最近のような,価格低下をもたらした要因として,エネルギー需給をみてみよう。世界の一次エネルギー需要は,83年まで4年連続の減少となった。しかし,84年に入り景気が拡大しているアメリカ,日本を中心に一次エネルギー消費は増加している。一方,供給も石油を中心に80年以降減少を続けたが,83年には,石油生産の減少幅が縮小した。84年に入り,需要の回復から石油生産も増加している。84年1~9月期の自由世界の石油需給をみると,需要は日量4,517万バーレル,前年同期差日量127万バーレル増(前年同期比2.9%増)となっている。一方,供給は,日量4,553万バーレル,前年同期差日量187万バーレル(同4.3%増)となり,需要を上回る増加となっている。
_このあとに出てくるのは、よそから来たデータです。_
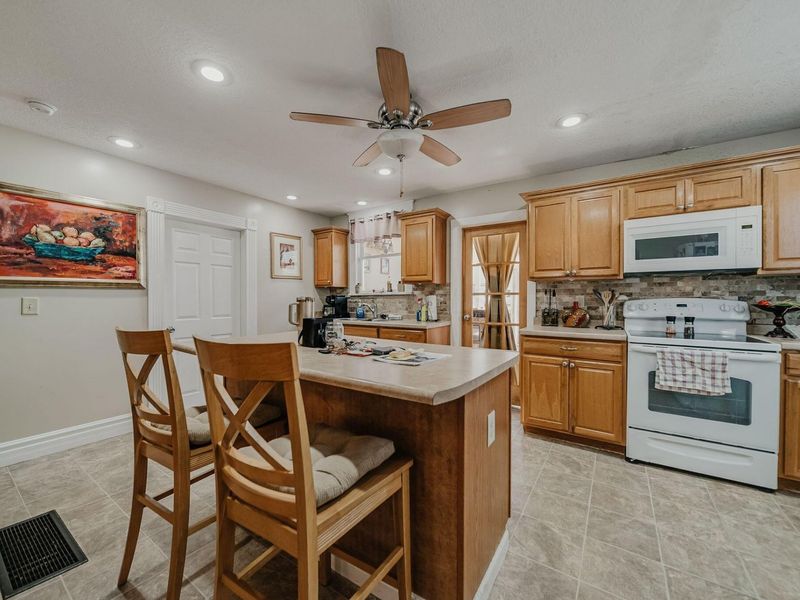 706 S Washington Street , Circleville, OH 43113 Photo 69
この差は,日量約36万バーレルあり,依然供給過剰の状態が続いていることを意味している(第1-2-2表)。
先進国の地域別の石油需要をみると,北米地域では,景気拡大から石油需要は拡大している(1~9月期前年同期比4.6%増)。特にアメリカでは,83年6月に前年同月比で増加に転じた後,84年に入り急増している。また,太平洋地域(日本,オーストラリア,ニユージーランド)でも,1~9月期前年同期比6.0%増となっている。
一方,ヨーロッパ地域では,1~9月期同0.9%増と小幅な増加となっている。これは,景気回復のテンポが緩やかなこと,ドル高により83年初の原油価格低下の効果が相殺されていること等のためである。まず,実質GNP増加率(前年同期比)をみると,アメリカで1~9月期7.3%,日本1~6月期5.8%となっているのに対し,イギリス,西ドイツ,フランスでは1~6月期各々2.7%,2.2%,1.7%,と低い伸びとなっている。このため,所得効果による石油需要増加は,ヨーロッパではあまり大きくない。
次に,為替相場の変化と物価上昇(各国の消費者物価)を考慮した実質のOPEC原油価格を示したのが第1-2-5図である(これは,原油の相対価格の変化を示すと考えられる)。アメリカでは,80年12月を規準として84年央には24ドル/バーレル以下まで低下しており,82年1月と比べ24.1%下落し,日本でも17.1%下落している。しかし,ヨーロッパ各国では,ドル高により実質原油価格は,83年初以降むしろ上昇している。82年1月と比べ,84年央に西ドイツでは2.0%と小幅ながら下落してはいるものの,イギリス,フランスでは,各々5.8%上昇,1.4%上昇と上昇している。結局,ヨーロッパ各国にとって価格引下げの効果は,ドル高により相殺され,イギリス,フランス等では実質原油価格は,上昇さえしている。この結果,価格低下による石油需要の増加は,期待できない。
自由世界の石油需要は1~9月期前年同期比日量127万バーレル増加しているものの,同120万バーレルの非OPECの生産増によりOPEC石油への需要はほとんど増えていない。OPEC生産は,83年2~3月に日量1,400万バーレル台に激減した後回復し,83年後半はOPEC全体の上限(日量1,750万バーレル)を上回る日量1,880~1,930万バーレルで安定的に推移していた。しかし84年に入り,月別の推移をみると5月には,ペルシア湾でのタンカー攻撃の激化から,ペルシア湾からの原油輸出が減少し,OPEC生産は全体の上限近くまで減少した。6月には,その反動や,湾岸諸国以外の増産から日量1,850万バーレルまで増加した。しかし,この結果,スポット価格は低下し,OPEC生産は夏場の不需要期ということもあって8~9月に全体の生産上限を下回わる水準にまで低下している(7~9月前年同期比11.2%減)。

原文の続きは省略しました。